◆ **Task goal**: Hand back, word for word, the lines from the one containing "Men's Red / maroon Embroidered Shirt" to the end of the records, both included, and leave out pictures.

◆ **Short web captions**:
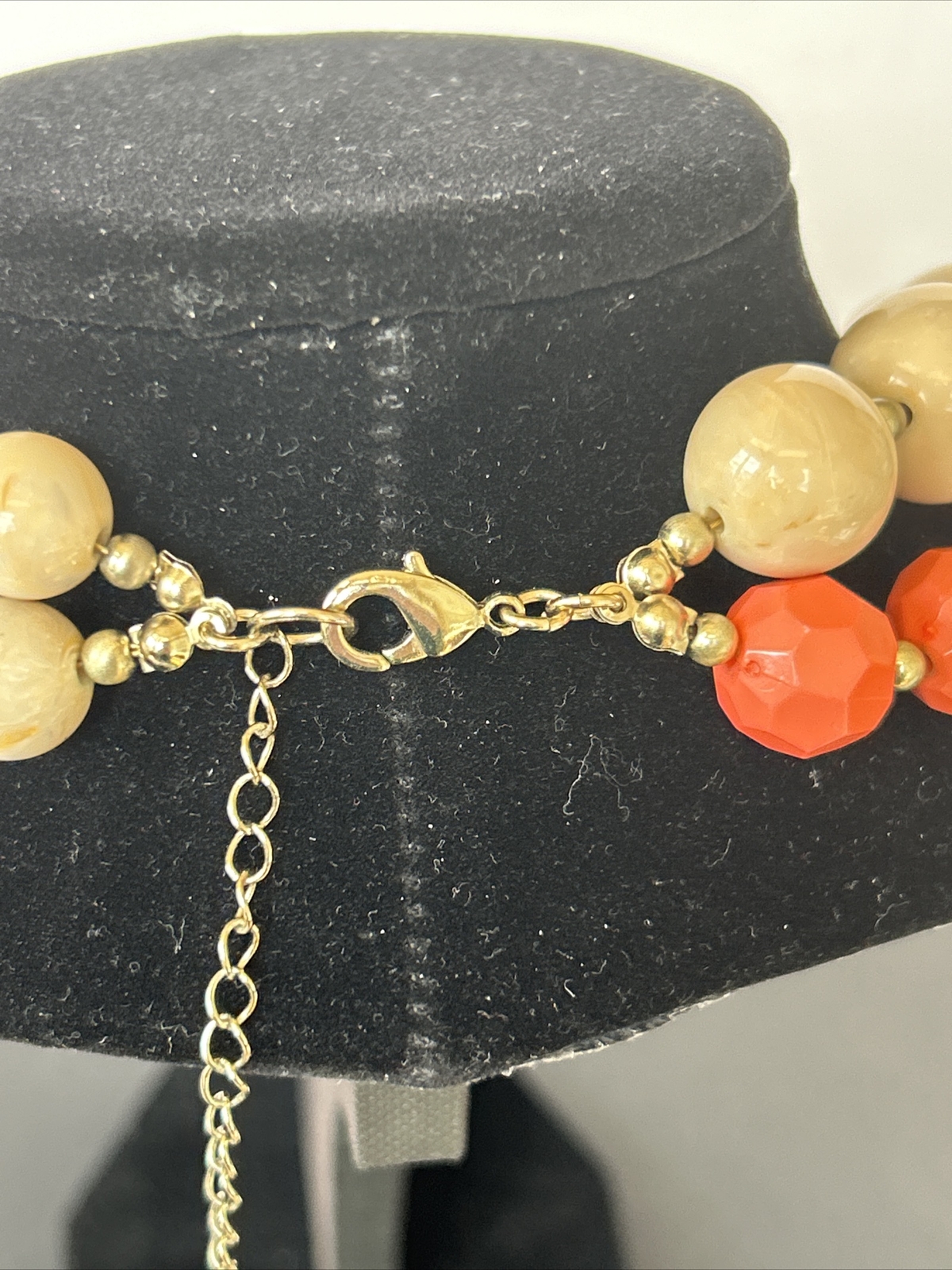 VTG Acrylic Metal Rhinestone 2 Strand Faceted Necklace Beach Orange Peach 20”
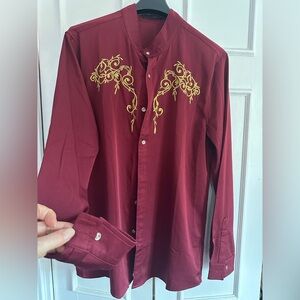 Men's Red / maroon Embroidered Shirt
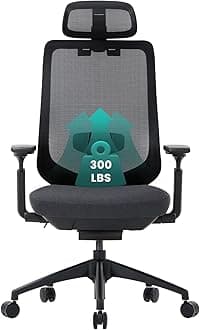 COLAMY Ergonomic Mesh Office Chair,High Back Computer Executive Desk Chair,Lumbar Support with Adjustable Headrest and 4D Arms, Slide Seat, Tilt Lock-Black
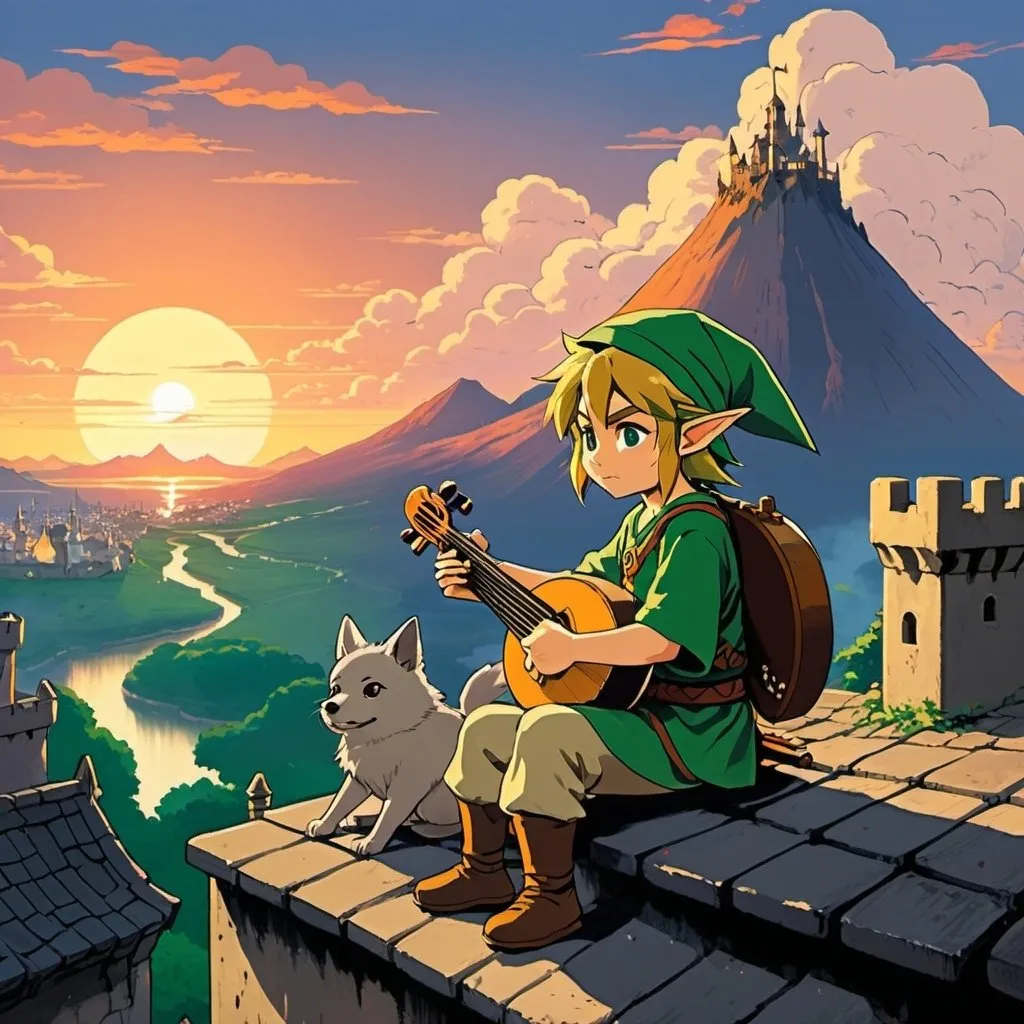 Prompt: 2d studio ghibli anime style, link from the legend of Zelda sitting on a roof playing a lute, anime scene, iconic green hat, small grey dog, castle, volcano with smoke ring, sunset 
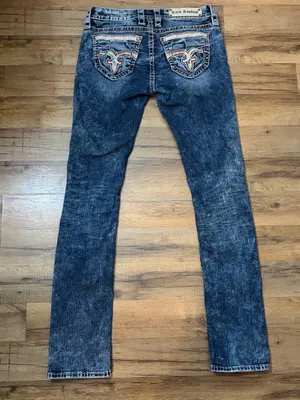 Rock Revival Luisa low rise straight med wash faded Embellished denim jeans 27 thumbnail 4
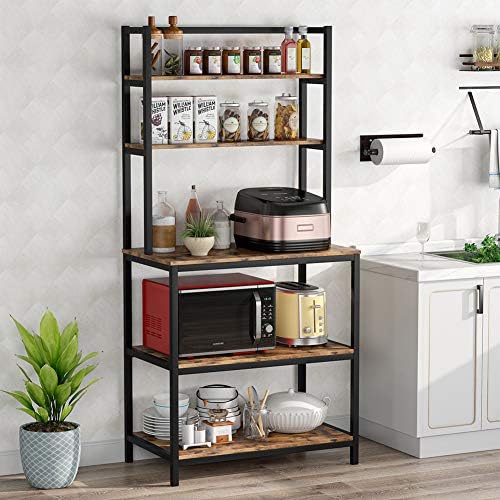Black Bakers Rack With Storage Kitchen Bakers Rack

◆ **Output of the exercise**:
 Men's Red / maroon Embroidered Shirt
 COLAMY Ergonomic Mesh Office Chair,High Back Computer Executive Desk Chair,Lumbar Support with Adjustable Headrest and 4D Arms, Slide Seat, Tilt Lock-Black
 Prompt: 2d studio ghibli anime style, link from the legend of Zelda sitting on a roof playing a lute, anime scene, iconic green hat, small grey dog, castle, volcano with smoke ring, sunset 
 Rock Revival Luisa low rise straight med wash faded Embellished denim jeans 27 thumbnail 4
Black Bakers Rack With Storage Kitchen Bakers Rack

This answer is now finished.